While the killings of Vinod Shetty and Sunil Soans did not significantly disrupt D-Company, on 19 January 2003, Rajan's associates gunned down Sharad, Dawood's chief finance manager and money-laundering agent, at the India Club in Dubai. This killing was emblematic of the shift of power between Dawood and Rajan. Not only was the execution in a very public setting, but it was also at a location that Dawood considered his operational backyard. Intelligence reports have suggested that Sharad's death was a crippling blow to D-Company since much financial and monetary information of the crime syndicate operations managed by Sharad was never fully recovered by Dawood.

==Capture==
On 25 October 2015, Rajan was captured in Bali, Indonesia where Indian authorities contacted Interpol for deporting him back to India. The capture took place due to a tip-off by Australian police stating that Rajan had travelled to Bali with an Indian passport by the name Mohan Kumar. According to CBI sources, the underworld don was standing in a queue at the airport when the immigration authorities asked him to step aside and reveal his name. To this, the gangster first gave his original name Rajendra Sadashiv Nikalje, and then immediately corrected himself to say, Mohan Kumar, the name mentioned on his passport. This alerted the authorities, and they started questioning him. The authorities then started the identification process with the help of fingerprint tests. 11 out of 18 points of fingerprint samples given in the Red Corner notice matched with his samples, confirming that he was Rajendra Sadashiv Nikalje. Rajan was extradited to India on 6 November 2015 and is currently in Tihar Prisons, awaiting trial in almost 70 cases.

==Conviction==
A special CBI Court in New Delhi on 25 April 2017 awarded seven years rigorous imprisonment to Rajan and three other accused in the fake passport case.

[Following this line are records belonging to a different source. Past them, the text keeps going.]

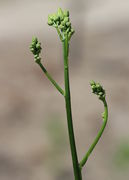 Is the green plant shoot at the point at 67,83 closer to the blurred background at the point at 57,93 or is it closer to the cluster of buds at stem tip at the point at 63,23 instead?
the cluster of buds at stem tip at the point at 63,23

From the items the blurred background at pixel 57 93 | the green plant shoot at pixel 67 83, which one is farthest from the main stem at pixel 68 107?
the blurred background at pixel 57 93

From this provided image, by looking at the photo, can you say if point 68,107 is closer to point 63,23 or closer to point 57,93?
point 63,23

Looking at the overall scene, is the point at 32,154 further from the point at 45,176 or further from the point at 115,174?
the point at 115,174

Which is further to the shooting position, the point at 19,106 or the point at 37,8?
the point at 37,8

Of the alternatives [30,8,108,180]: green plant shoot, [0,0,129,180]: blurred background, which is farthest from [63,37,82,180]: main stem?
[0,0,129,180]: blurred background

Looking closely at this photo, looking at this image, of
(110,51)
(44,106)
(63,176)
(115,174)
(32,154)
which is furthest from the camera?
(110,51)

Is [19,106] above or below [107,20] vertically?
below

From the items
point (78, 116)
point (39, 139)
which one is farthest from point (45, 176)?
point (78, 116)

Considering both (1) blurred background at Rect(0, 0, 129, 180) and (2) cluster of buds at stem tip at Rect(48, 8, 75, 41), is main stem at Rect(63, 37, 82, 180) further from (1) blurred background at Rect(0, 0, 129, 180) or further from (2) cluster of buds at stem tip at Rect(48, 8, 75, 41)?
(1) blurred background at Rect(0, 0, 129, 180) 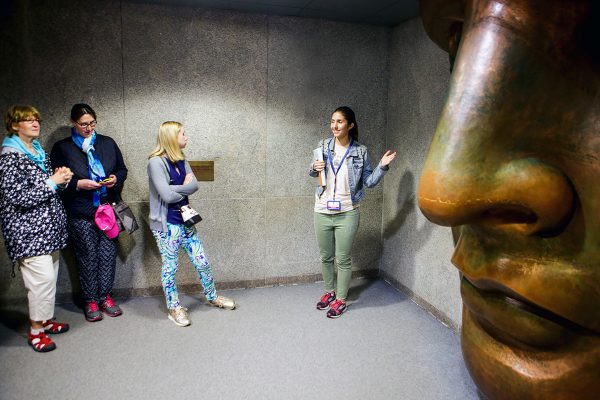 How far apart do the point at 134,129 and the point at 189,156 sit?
1.61ft

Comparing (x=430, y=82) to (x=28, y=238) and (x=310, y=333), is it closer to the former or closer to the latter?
(x=310, y=333)

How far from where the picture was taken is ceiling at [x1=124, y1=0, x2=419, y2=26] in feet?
10.0

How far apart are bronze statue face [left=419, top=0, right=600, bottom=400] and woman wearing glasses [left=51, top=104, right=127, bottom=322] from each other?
118 inches

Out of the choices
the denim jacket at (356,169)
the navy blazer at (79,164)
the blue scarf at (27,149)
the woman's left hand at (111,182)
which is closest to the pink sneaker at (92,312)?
the navy blazer at (79,164)

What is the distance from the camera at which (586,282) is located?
0.48 metres

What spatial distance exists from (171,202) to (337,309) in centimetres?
155

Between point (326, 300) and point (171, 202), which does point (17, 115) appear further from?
point (326, 300)

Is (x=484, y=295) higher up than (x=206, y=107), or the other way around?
(x=206, y=107)

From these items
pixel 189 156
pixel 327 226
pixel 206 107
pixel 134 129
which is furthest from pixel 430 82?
pixel 134 129

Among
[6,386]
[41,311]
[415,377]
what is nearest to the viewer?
[6,386]

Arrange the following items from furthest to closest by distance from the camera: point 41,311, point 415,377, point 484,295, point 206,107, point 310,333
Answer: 1. point 206,107
2. point 310,333
3. point 41,311
4. point 415,377
5. point 484,295

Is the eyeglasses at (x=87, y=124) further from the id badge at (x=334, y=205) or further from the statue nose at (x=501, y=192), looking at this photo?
the statue nose at (x=501, y=192)

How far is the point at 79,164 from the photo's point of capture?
295cm

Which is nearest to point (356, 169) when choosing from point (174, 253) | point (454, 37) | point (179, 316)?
point (174, 253) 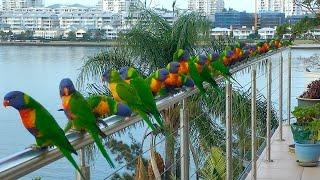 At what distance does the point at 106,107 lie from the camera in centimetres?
144

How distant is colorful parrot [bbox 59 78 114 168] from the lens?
4.11 feet

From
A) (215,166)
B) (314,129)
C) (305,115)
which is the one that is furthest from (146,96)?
(305,115)

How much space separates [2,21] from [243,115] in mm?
25500

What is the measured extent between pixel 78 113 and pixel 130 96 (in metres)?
0.34

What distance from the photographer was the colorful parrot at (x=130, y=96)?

The Maharashtra MCOCA court found Chhota Rajan guilty of the murder of journalist Jyotirmoy Dey on 2 May 2018 and handed him life imprisonment.

The Maharashtra MCOCA court found Chhota Rajan guilty of the murder of hotelier Jaya Shetty and handed him rigorous life imprisonment on 30 May 2024. In India this is the 6th case in which Chotta Rajan was convicted since his deportation.

==Personal life==
Rajan is married to Sujata Nikalje. The couple has three daughters; Ankita Nikalje, Nikita Nikalje and Khushi Nikalje. His younger brother Deepak Nikalje is associated with Republican Party of India of MP Ramdas Athawale. His native is Girvi village in the Satara district.

Rajan was addressed as 'Nana' by friends and colleagues. His group was also known as Nana Company.

==In popular culture==
The 2002 Bollywood film, Company had a character Chandu, portrayed by actor Vivek Oberoi, with some resemblances of Chhota Rajan with real-life Dawood Ibrahim gang. Also, the 1999 film Vaastav: The Reality, starring Sanjay Dutt was loosely based on Rajan's life.